Kongrenin yapıldığı Duygular Funda Düğün Salonu’nun hemen önünde sigara içmeye çıkan efkârlı CHP’lilerin duman raksı karşılıyor sizi.

Göz gözü görmüyor. Gizemli bir atmosfer eşliğinde, dumanları delip salona ulaşabiliyorsunuz.

İlk etapta dikkatinizi çeken şey; salonun yaş ortalaması oluyor.

Ben diyeyim 60, siz deyin 65. Ama azı yok fazlası var emin olun.

Gençler nerede ola ki diye düşünürken; Kılıçdaroğlu’nun “Biz mazlumun yanında oluruz” diyerek Fethullah Gülen’e selam yolladığı haber metnini okuduğum aklıma geliyor.

‘Gençler Pensilvan’ya için mazlum yürüyüşünde olabilir’ diye aklımdan geçiriyorum. Salondaki gençler bir elin parmağını geçmiyor.

Takma dişlerini düzeltme telaşına düşmüş amcalar…

Dip boyası gelmiş teyzelerin birbirlerine kişisel bakım önerileri…

Şeker, kolesterol, tansiyon ve daha birçok hastalığın analizi yapılıyor;

Heyecan yok, hareket yok, soluk kesilmiş, renksiz ve tatsız bir hava var içeride…

Kürsüde, kalabalıktan heyecan göremeyenlerin kendi heyecanlarını üretme tiyatrosu alıcı bulmuyor.

“Bu dinozorlarla mücadele edeceğiz” diyor birisi, diğeri Nevada Çölü’nde görülmemiş bir ısı gerilim derecesiyle yükleniyor iktidar partisine…

‘Ne yapsın vatandaş’ diye geçiriyorum içimden, çaresiz bir; ‘heyecan katacak başka ne yapılabilir ki’ kışkırtıcı sorusu aklıma düşüyor.

Düşünüyorum ve tam o esnada bir ses yükseliyor kürsüden:

“CHP olarak adam yeme makinesi olduk”

Belki de kongre boyunca işittiğim tek; diğer yandan tartışmasız en sert öz eleştiri cümlesi bu oluyor.

Bu ülkenin en yetkin, en aklı selim, en yakışan, en profesör Gençlik ve Spor Bakanı ben olurum diye devam edince kürsüdeki iştahım kaçıyor, azıcık heyecanlanırken hevesim törpüleniveriyor.

Dayanamıyorum, bu hale daha fazla katlanamıyorum, gözlerim yaşarıyor…

Anlıyorum ki dışarıdan kongre salonuna kaçan sigara dumanından göz pınarlarım yaşarmaya yer arıyor.
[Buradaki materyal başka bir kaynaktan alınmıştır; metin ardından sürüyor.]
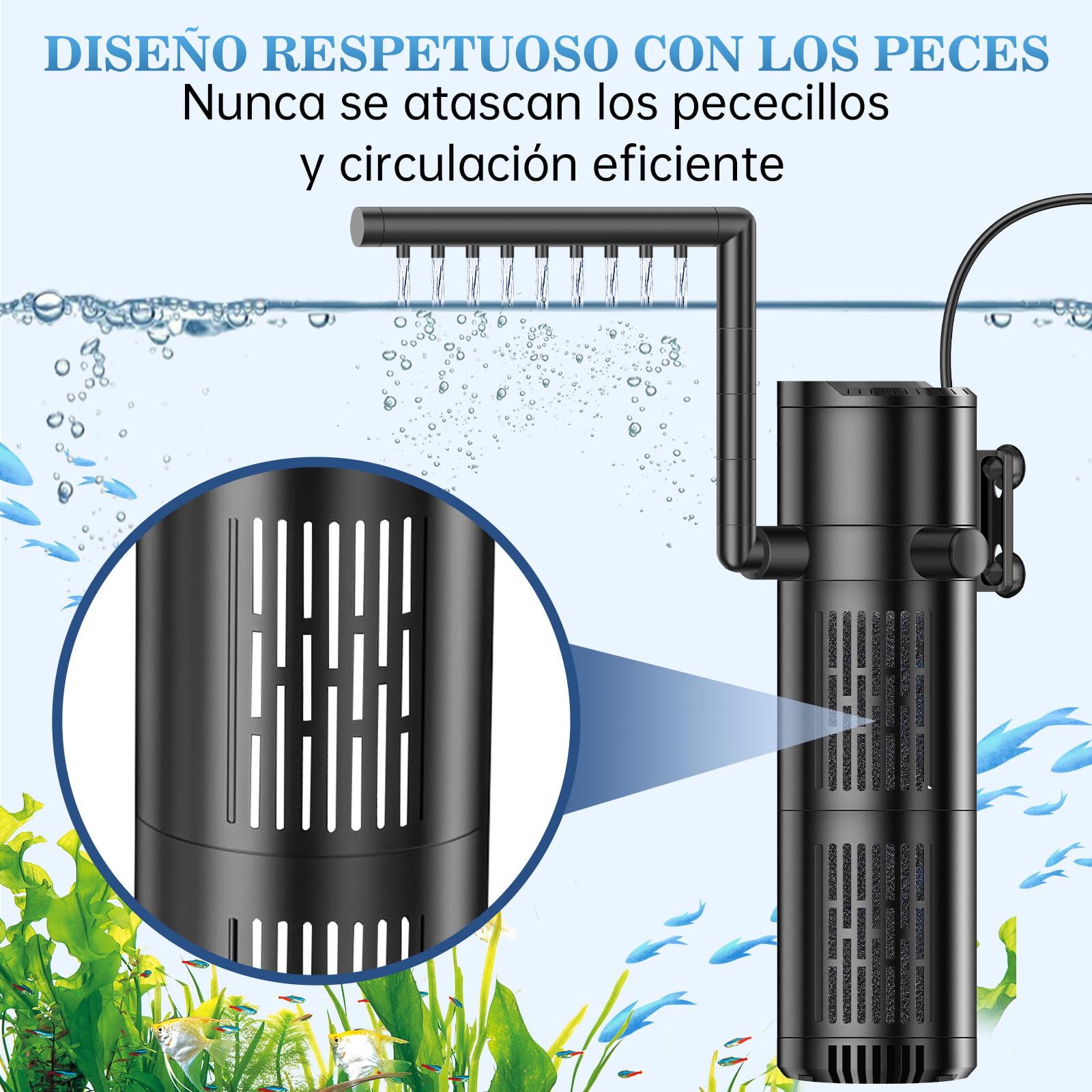 Filtro Interior Acuario, 12W Filtro Pecera Interno Ajustable, 800 L/H Filtro Acuario Bomba Adecuado para Acuarios de Hasta 200L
Davulcular hala heyecanlı, şu kongre bir bitse de ‘cukka’ları indirsek diye bir heyecan var merdivenlerde.

Kimsesizler Başkanı Hasan Yıldız Kılıçdaroğlu’nu gördüm diye halüsinasyonlar gördüğünü anlatıyor CHP’li arkadaşlarına.
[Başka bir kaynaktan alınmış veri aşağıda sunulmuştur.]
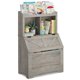 thumbnail image 1 of 493|children's de madera estante de libros con toy organizer: grande chest con lid, perfect para dormitorio o nursery, gris finish, 1 of 8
Merdivenleri iniyorum, tüm bu ritüel başımı döndürüyor.

Bu heyecansız güruh enerjimi alıyor, sonunda tekrar brandanın altına gelebiliyorum. Artık çıkmaya hazırım.

Hazırım ama ekşın peşimi bırakmıyor ki!

Sigarasını Büyükşehir Belediye binasına doğru içen bir grup yaşlı kurt dikkatimi çekiyor. Konuşuyorlar, amiyane tabirle ‘vura vur’ gidiyorlar.

İçlerinden kasketli olanı vurucu cümleyi ağzından çıkarıyor, Nirvana’ya ulaşıyorum:

“Şu Büyükşehir de kendisini bir yenileyemedi be!”

Dumanlar Büyükşehir’in kendisini yenileyememesi adına akciğerlere gönderilirken, CHP’nin sorununu gördüğüm ve yaşadıklarımla analiz edebilmenin mutluluğunu yaşıyorum.

Eskimiş yüzler, eskimiş düzen, basmakalıp, yıllanmış bir anlayış, yenilenememeye sövüyor!

Artık oradan mutlu bir şekilde ayrılabilirim.

Dumansız hava sahasına gelince Teoman’ın şu dizeleri aklıma geliyor:

“Bak hayatına, dinmiyor sızın

Her yarışta, her varışta”

Ne diyelim; Behey böyle giderse de oynamaya devam edecek yalnızları!